A situação se mostra ainda mais preocupante diante dos dados da pesquisa TIC Kids Online Brasil 2024 que revelam que 29% dos jovens já relataram ter enfrentado situações ofensivas online, enquanto 42% presenciaram situações de discriminação digital.
Viscardi analisa que “embora quem ataque sinta-se mais protegido, principalmente pelo anonimato e a distância, para quem recebe a ofensa, a vivência é bem real e intensificada, uma vez que, normalmente, é feita de forma pública, diante do seu grupo social”. A psicóloga destaca que, especialmente quando é anônimo, há um medo constante de um novo ataque. “Esses ataques ferem a autoimagem, levando a sentimentos de inadequação e inferioridade, e podem causar efeitos muito nocivos para quem está iniciando no cenário social e coletivo de forma mais autônoma.”
Distorção de imagem
Em agosto do ano passado, a Meta anunciou a retirada dos filtros para Stories criados por terceiros. No entanto, ainda há alguns perfis que conseguem utilizá-los, e especialistas alertam para o impacto da ferramenta entre os jovens, sobretudo, os filtros de embelezamento que manipulam ou alteram a aparência do usuário, garantindo uma imagem com pele mais lisa, cílios longos e rostos mais finos.
O aplicativo TikTok anunciou a proibição de uso desses filtros para menores de 13 anos. Segundo a plataforma, a restrição tem como objetivo preservar a saúde mental desse público.
Um relatório feito pela Internet Matters constatou que “os filtros de embelezamento contribuíram para uma visão de mundo distorcida, na qual imagens perfeitas são normalizadas”.

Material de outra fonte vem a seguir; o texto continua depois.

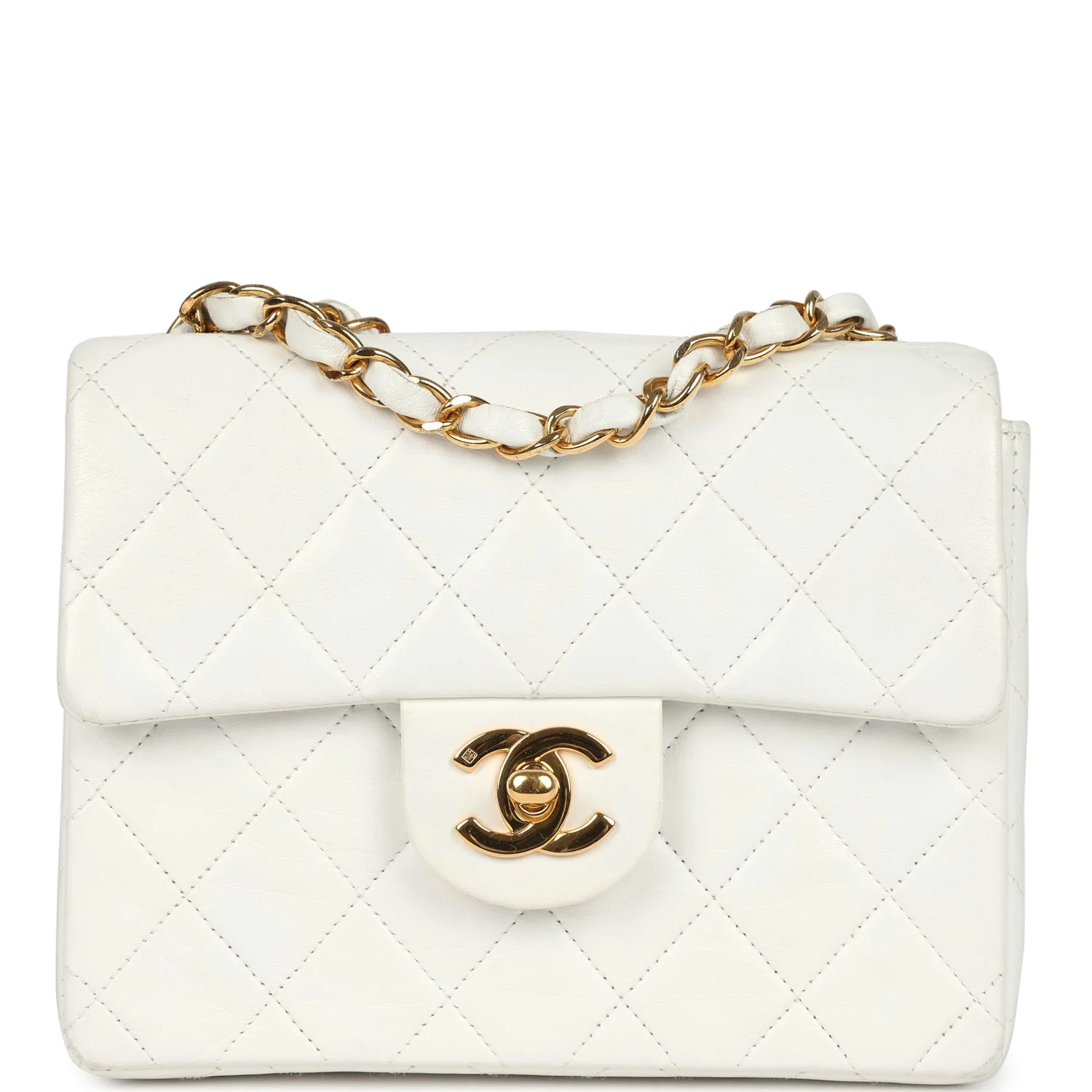 Vintage Chanel Mini Square Flap Bag White Lambskin Gold Hardware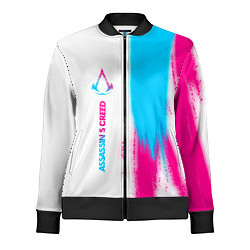 Женская олимпийка Assassins Creed neon gradient style: по-вертикали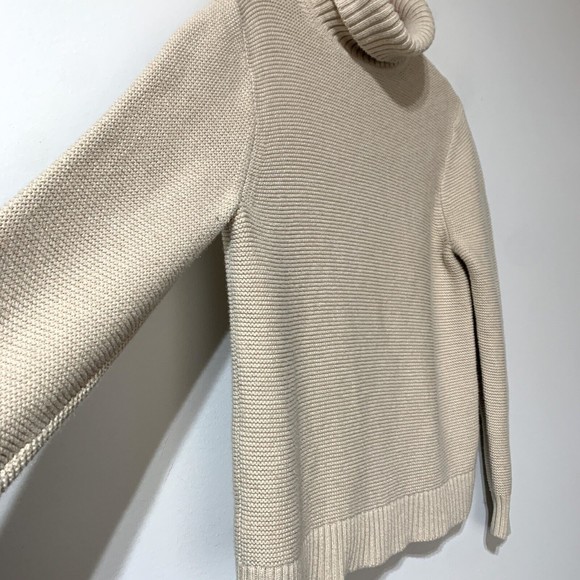 J. Crew Factory Sweater Womens Size L Large Beige Classic Turtleneck Knit AF728 - Picture 11 of 14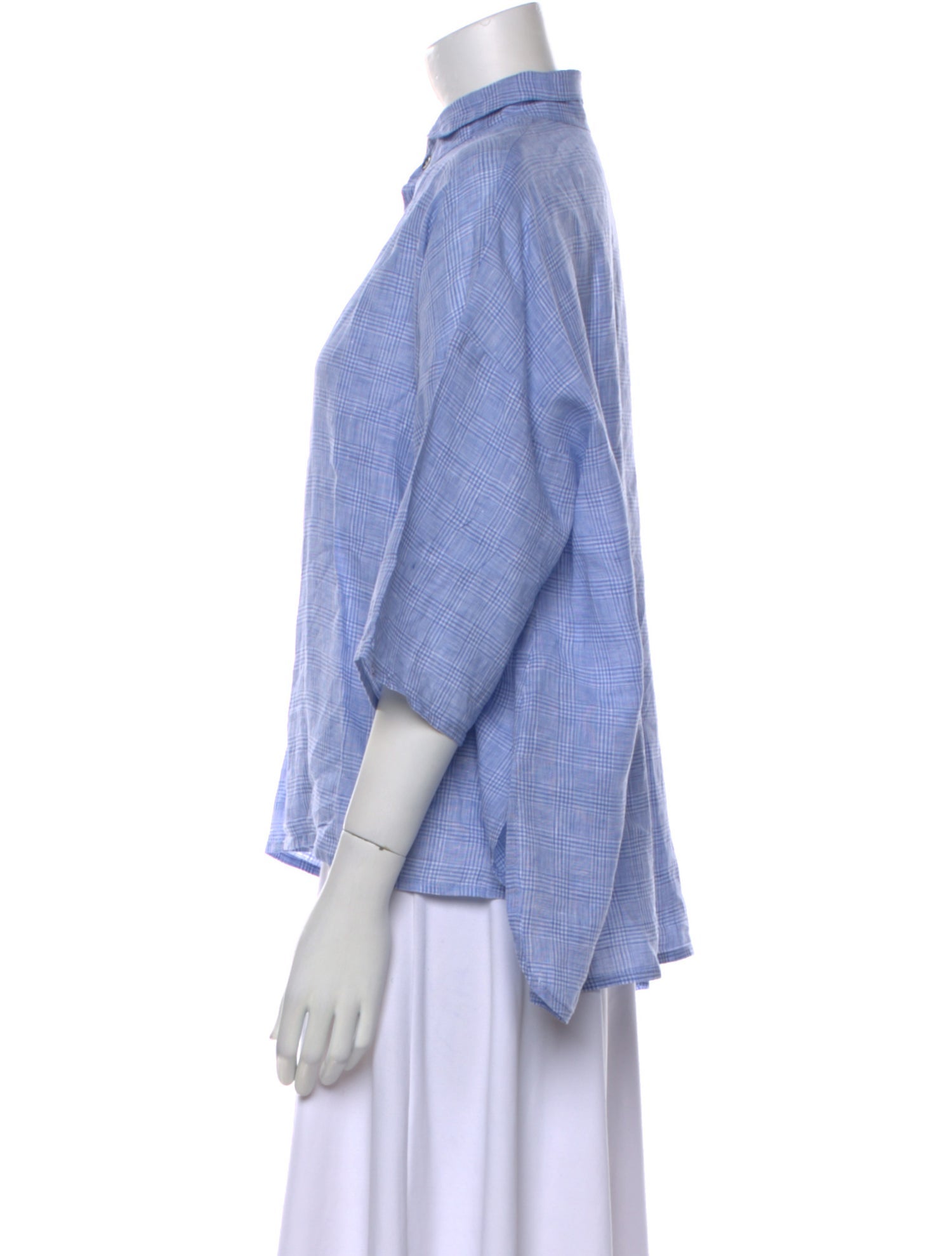 Eskandar Linen Mock Neck Button-Up Top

“Espera-se que melhore a insatisfação com o corpo real, que não pode atingir os patamares inalcançáveis que os filtros proporcionam, e isto traga mais confiança e autenticidade. Isto é particularmente importante para adolescentes e jovens que buscam, de forma prioritária, a aceitação social”, avalia Viscardi.
Entretanto, a psicóloga ainda alerta: “mais adequado seria menores de 13 anos não usarem tal plataforma, que não é um ambiente seguro para crianças. Ela divulga conteúdo impróprio, desafios perigosos, sexualização precoce, violência, riscos à privacidade e acesso de predadores. Também tem um algoritmo mais viciante e pode causar sérios impactos à saúde mental e física”.
Qual é a idade correta para usar as redes sociais?
A resposta para a pergunta não é única, pois depende da maturidade emocional e do senso crítico de cada um. De acordo com a psicóloga, o uso dessas plataformas só deve ser considerado após os 12 anos, com acompanhamento constante dos pais ou responsáveis. “A gente poderia traduzir esta pergunta para: com qual idade minha criança ou adolescente tem maturidade emocional e capacidade crítica para lidar com os efeitos negativos de ter um perfil nas redes sociais, como cyberbullying, comparações sociais, contatos com desconhecidos, ataque à privacidade, fake news, tentativas de contato maliciosas?”, completa Viscardi.